We delve into the corporate finance report published in March by ASIC, with a focus on ASIC’s public M&A related activities over the second half of 2018 and the future areas of ASIC’s regulatory focus.
- Public M&A activity has increased, with 44 control transactions over the last six months of 2018 (compared to 29 in the previous six month period).
- ASIC’s regulatory focus in the public M&A space has swung towards novel or complex consideration in schemes of arrangement, market and procedural integrity and corporate governance during takeovers.
ASIC’s corporate finance report
ASIC has released its bi-annual report summarising its corporate regulatory activity over the second half of 2018. This report contains key statistics and observations from ASIC’s oversights of transactions over the period and offers forward looking insights into areas of focus.
We provide some of the public M&A highlights below.
Overview of Public M&A activity
Public M&A activity over the period was high. ASIC reported 44 control transactions over the last 6 months of 2018, which represented an increase on the 29 in the previous 6 months.
Some observations worth noting from the period include:
- Schemes vs bids: Consistent with the first half of 2018, although the number of control transactions undertaken by way of takeover and scheme were similar, the larger transactions were undertaken by way of scheme and the majority of the transactions under AU$50 million in value were undertaken by way of takeover. See Figure 1:
- Continued offshore interest in Australia: Offshore acquirers accounted for 78% by value and 41% by number of control transactions in the period. See Figure 2:
- Cash remains king on big transactions: Consistent with the first half of 2018, the largest control transactions were offers of all-cash consideration, with all-cash offers making up 8 of the top 10 offers. See Figure 3:
Insights from ASIC’s activity and future areas of focus
NOVEL OR COMPLEX CONSIDERATION IN SCHEMES
ASIC flagged its concerns about control transactions where the consideration offered is novel or complex.

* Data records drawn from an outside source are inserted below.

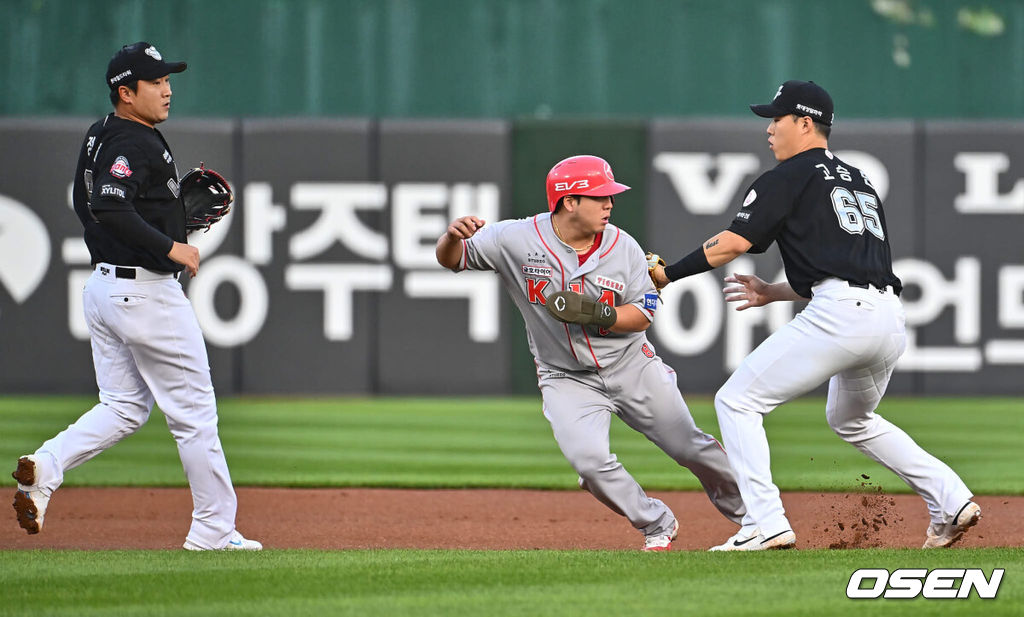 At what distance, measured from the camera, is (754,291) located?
5.77 metres

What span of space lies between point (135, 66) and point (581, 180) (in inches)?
69.5

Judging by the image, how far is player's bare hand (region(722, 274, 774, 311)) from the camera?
575cm

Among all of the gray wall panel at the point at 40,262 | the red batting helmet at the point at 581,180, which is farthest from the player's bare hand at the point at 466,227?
the gray wall panel at the point at 40,262

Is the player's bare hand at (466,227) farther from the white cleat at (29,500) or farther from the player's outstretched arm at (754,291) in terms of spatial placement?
the white cleat at (29,500)

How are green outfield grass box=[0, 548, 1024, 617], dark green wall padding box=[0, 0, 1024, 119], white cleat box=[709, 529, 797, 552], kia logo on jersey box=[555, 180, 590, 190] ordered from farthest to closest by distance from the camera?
dark green wall padding box=[0, 0, 1024, 119], kia logo on jersey box=[555, 180, 590, 190], white cleat box=[709, 529, 797, 552], green outfield grass box=[0, 548, 1024, 617]

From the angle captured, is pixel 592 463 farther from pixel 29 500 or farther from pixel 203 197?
pixel 29 500

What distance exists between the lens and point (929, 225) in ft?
44.8

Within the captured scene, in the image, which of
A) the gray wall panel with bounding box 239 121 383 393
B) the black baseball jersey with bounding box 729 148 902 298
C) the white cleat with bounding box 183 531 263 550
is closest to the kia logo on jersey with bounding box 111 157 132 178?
the white cleat with bounding box 183 531 263 550

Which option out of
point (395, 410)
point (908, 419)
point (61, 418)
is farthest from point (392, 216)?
point (908, 419)

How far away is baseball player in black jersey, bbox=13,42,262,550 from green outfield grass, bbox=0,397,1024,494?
2738 millimetres

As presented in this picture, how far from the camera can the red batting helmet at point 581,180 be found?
5590mm

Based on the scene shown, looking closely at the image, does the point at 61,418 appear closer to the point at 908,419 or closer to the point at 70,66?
the point at 70,66

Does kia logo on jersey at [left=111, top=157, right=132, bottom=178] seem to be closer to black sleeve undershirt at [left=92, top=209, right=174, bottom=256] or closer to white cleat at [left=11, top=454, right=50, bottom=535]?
black sleeve undershirt at [left=92, top=209, right=174, bottom=256]

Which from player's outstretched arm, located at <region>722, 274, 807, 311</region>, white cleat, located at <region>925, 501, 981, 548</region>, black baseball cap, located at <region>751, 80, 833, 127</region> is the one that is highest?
black baseball cap, located at <region>751, 80, 833, 127</region> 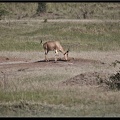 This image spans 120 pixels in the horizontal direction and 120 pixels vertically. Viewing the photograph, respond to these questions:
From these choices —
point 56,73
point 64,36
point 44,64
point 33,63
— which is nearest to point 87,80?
point 56,73

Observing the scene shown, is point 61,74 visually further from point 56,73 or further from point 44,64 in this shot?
point 44,64

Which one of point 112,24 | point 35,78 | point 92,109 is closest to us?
point 92,109

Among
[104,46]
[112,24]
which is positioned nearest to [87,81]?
[104,46]

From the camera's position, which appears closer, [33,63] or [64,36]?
[33,63]

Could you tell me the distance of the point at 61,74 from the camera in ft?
61.4

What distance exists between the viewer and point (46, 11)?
2320 inches

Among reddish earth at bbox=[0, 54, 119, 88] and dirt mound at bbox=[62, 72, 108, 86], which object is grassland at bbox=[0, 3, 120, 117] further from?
dirt mound at bbox=[62, 72, 108, 86]

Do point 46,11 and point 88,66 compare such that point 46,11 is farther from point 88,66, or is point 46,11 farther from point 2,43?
point 88,66

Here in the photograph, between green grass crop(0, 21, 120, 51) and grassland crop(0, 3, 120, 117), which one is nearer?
grassland crop(0, 3, 120, 117)

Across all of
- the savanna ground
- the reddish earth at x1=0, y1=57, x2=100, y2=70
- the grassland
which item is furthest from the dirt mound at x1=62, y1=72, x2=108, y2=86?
the reddish earth at x1=0, y1=57, x2=100, y2=70

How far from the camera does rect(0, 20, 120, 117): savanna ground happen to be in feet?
40.2

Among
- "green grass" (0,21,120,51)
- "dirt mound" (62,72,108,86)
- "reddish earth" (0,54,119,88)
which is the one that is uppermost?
"green grass" (0,21,120,51)

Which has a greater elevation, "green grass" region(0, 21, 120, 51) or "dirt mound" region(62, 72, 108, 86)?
"green grass" region(0, 21, 120, 51)

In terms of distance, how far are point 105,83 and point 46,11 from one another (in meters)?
43.6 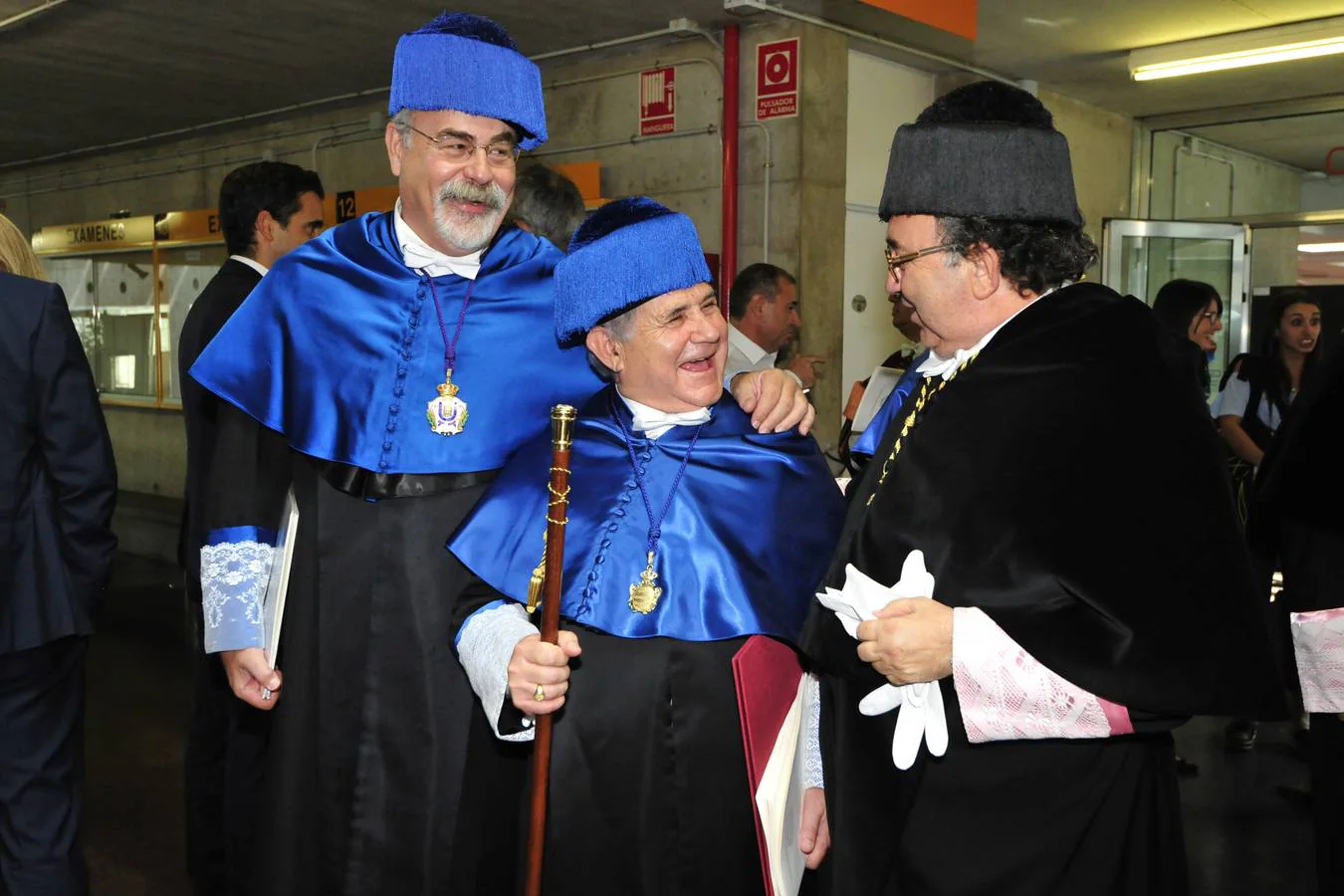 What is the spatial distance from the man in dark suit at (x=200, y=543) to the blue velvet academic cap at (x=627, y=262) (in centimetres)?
149

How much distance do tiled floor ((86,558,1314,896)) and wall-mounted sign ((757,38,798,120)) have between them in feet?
13.9

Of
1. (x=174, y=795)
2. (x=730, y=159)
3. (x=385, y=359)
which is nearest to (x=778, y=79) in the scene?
(x=730, y=159)

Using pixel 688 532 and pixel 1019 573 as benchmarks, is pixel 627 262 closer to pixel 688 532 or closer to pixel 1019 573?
pixel 688 532

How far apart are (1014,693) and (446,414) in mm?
1305

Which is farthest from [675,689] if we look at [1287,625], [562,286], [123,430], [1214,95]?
[123,430]

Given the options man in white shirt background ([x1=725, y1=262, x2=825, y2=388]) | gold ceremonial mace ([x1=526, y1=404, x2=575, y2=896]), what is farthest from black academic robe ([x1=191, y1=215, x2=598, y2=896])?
man in white shirt background ([x1=725, y1=262, x2=825, y2=388])

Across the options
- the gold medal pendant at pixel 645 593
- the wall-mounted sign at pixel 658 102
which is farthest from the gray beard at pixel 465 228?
the wall-mounted sign at pixel 658 102

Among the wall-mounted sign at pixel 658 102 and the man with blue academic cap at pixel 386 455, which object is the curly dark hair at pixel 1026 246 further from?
the wall-mounted sign at pixel 658 102

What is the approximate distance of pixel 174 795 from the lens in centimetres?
471

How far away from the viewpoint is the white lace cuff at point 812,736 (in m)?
2.06

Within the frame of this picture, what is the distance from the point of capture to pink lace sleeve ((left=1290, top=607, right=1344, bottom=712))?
2.46 m

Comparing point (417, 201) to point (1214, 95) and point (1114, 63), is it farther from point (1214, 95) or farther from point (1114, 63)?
point (1214, 95)

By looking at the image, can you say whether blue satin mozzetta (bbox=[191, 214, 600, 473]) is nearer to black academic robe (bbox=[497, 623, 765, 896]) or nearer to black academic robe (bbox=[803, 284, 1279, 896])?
black academic robe (bbox=[497, 623, 765, 896])

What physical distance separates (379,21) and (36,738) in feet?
18.6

In the recent Capilano Honey Limited scheme of arrangement (announced August 2018), shareholders were offered scrip consideration in the bid vehicle (an Australian proprietary company). ASIC argued in the Federal Court that it was contrary to the public policy underlying the provisions and legislative intent of the provisions governing proprietary companies to make a broad offer of scrip to more than 50 potential investors, with shares being held through a custodian arrangement to ensure the bid vehicle remains a proprietary company.
ASIC has reiterated its intention to issue a consultation paper on this topic. It has indicated that it may consider preventing control transactions announced that use this type of arrangement before the consultation ends. See further our separate article on this topic.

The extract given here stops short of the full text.